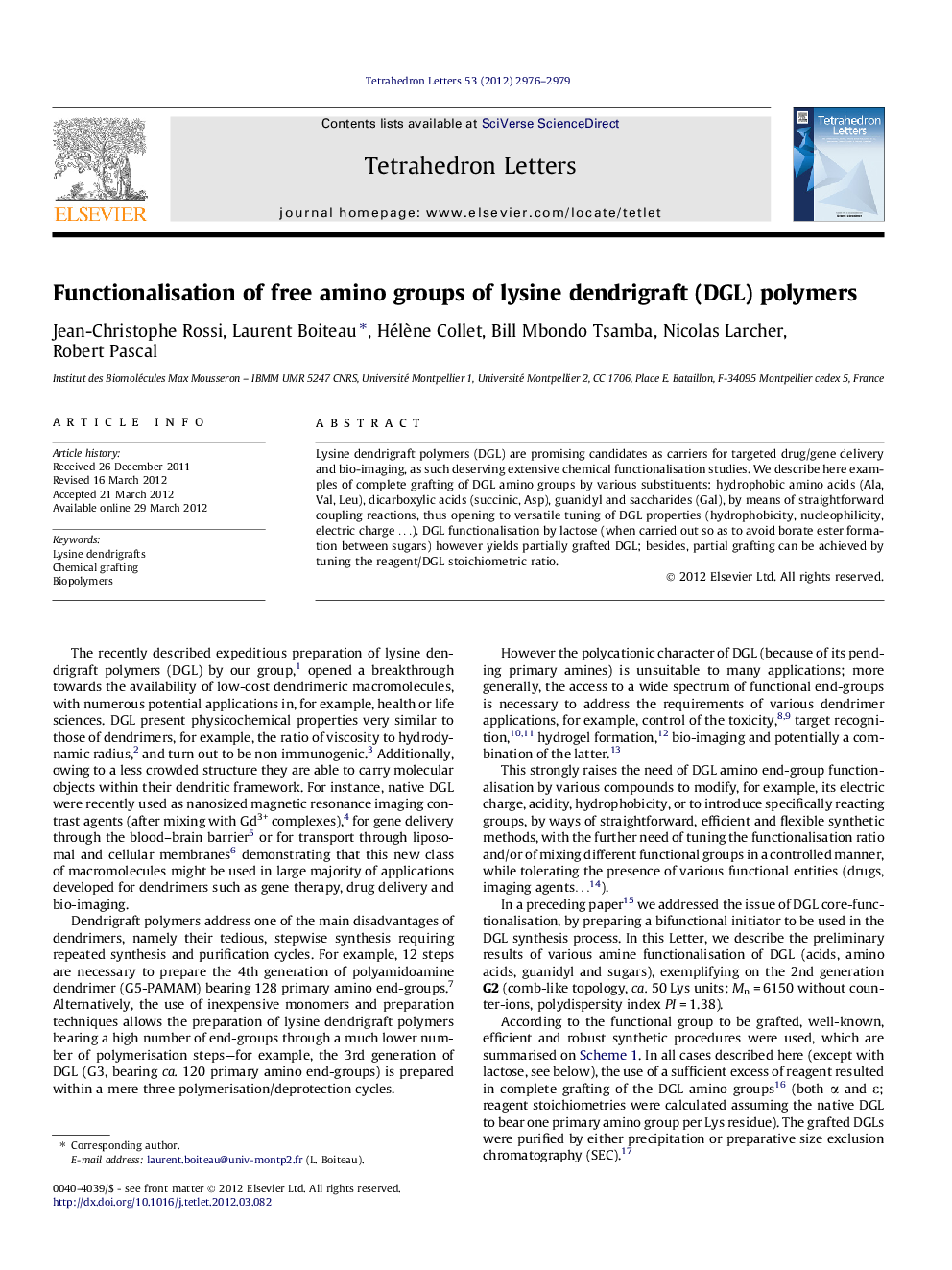 Functionalisation of free amino groups of lysine dendrigraft (DGL) polymers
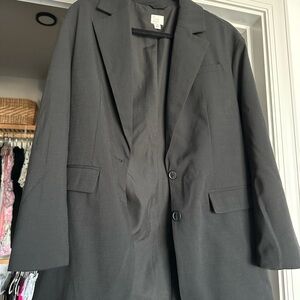 H&M Black Sport Coat Modern Tailored Blazer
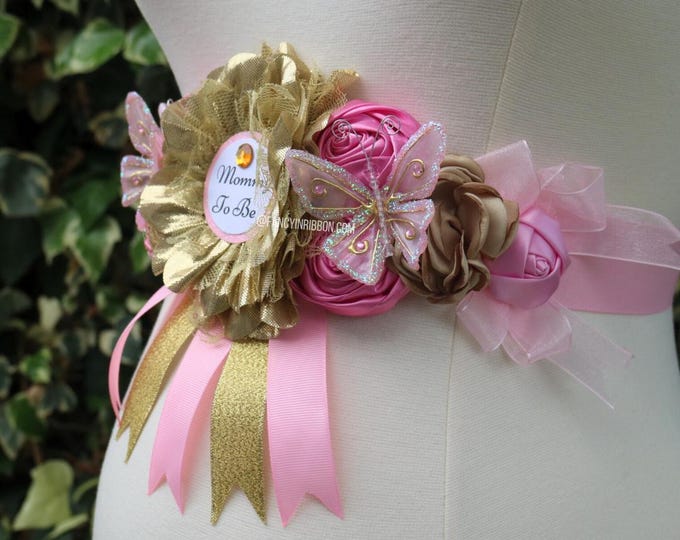 Featured listing image: Butterfly Pink & Gold Baby Shower Mommy to be Flower Maternity Belly Sash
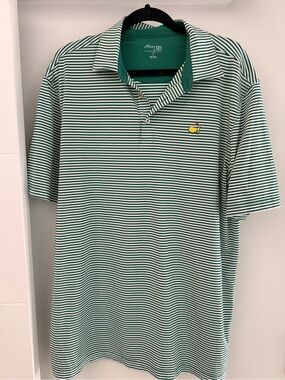 Masters Tech Augusta ANGC Performance Striped Green Men's Polo Shirt - L - EUC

================================

| Task to carry out |
From the first line to the last, repeat the material exactly, but drop the pictures.

| Answer for this exercise |
 Functionalisation of free amino groups of lysine dendrigraft (DGL) polymers
 H&M Black Sport Coat Modern Tailored Blazer
 Featured listing image: Butterfly Pink & Gold Baby Shower Mommy to be Flower Maternity Belly Sash
 Masters Tech Augusta ANGC Performance Striped Green Men's Polo Shirt - L - EUC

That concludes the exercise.